Here’s a screenshot of the email (link):
There is something going on tonight at the Scottrade Center, but it’s not Guns ‘n Roses, it’s Guns ‘n _Hoses._ As in the boxing matches taking place between St. Louis area Police Officers and Firefighters, not the famed band fronted by Axl
Foley Rose [Editor’s Note: Whoops! Though we stand by our Freudian slip of name dropping the far better Axl]. The part about a fight is pretty close though.
Well, we guess H’s and R’s are kinda like each other, in that an R is like a fancy H with its hand by it’s head and a their left leg kicked out. Seriously though, if this was just a true typo, we wouldn’t have mentioned it (We…ahem…have been know to throw a few typos out ourselves), but upon closer inspection, there’s not way they can claim typo here. Someone over there thought they were the only ones who knew a Guns ‘n Roses concert was going on! “AVOID THE HIGH-PRICED PARKING DOWNTOWN” and the frequent use of the word “concert” make it pretty clear.
We love our “boys” in blue and red for keeping us all safe(-ish), but we don’t expect the “Guns ‘N Hoses” boxing event to require you to park out of downtown to avoid the high prices. It would be pretty pimp to be the one guy rolling up to Scottrade in a “Luxury Limo Bus” though…and by “pimp” we mean kinda sad. Especially since you’d be rocking the complementary Axl wig and bandana supplied by F15teen.

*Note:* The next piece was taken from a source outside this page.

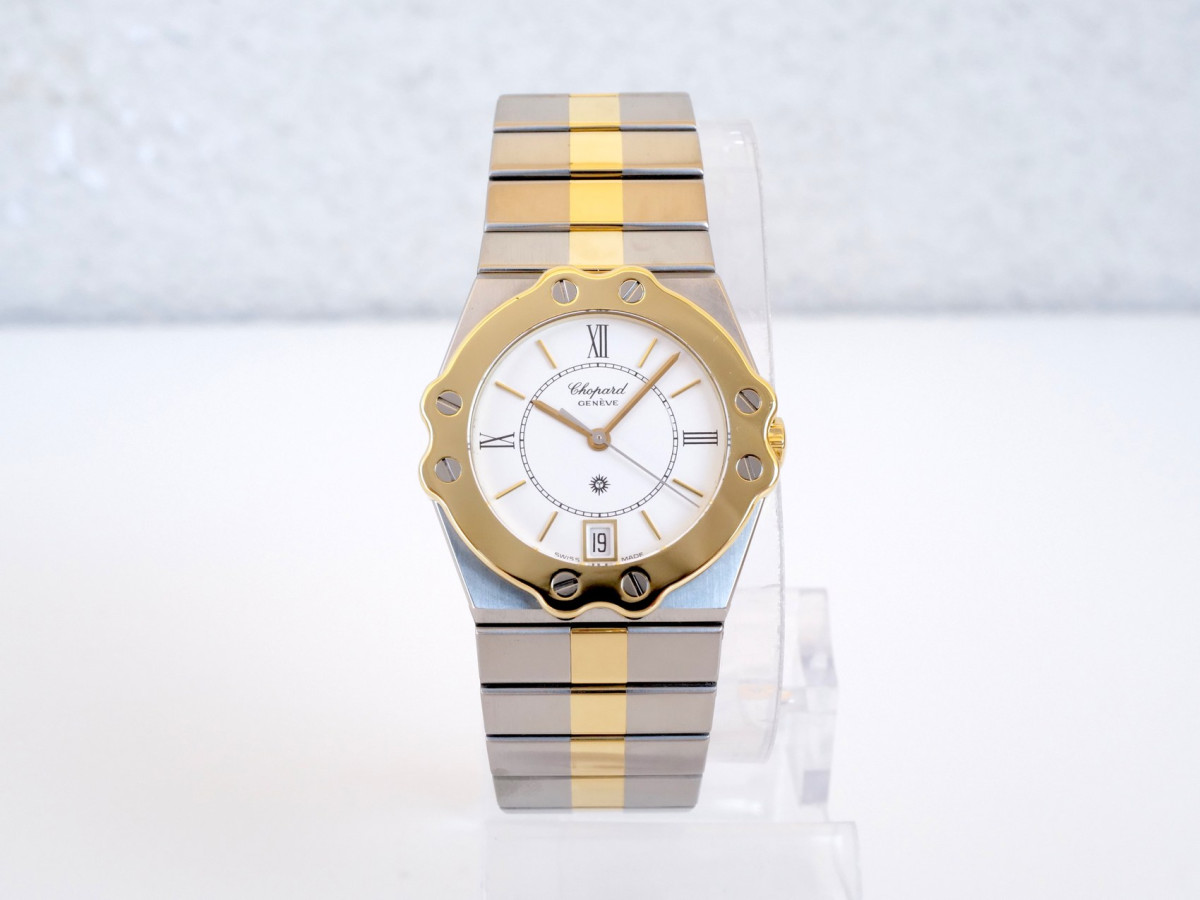 Швейцарские часы Chopard St. Moritz Quartz 32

I mean those things only come by the gross and there aren’t any returns, so you’re getting one…or six…or 23. You know what? Just take them all and give them to the cops. Maybe they can use them for disguises in meth-house sting operations in Jefferson County.
Thank you for thinking of Jim Edmonds’ F15teen for all your imaginary concert parking and limo service needs!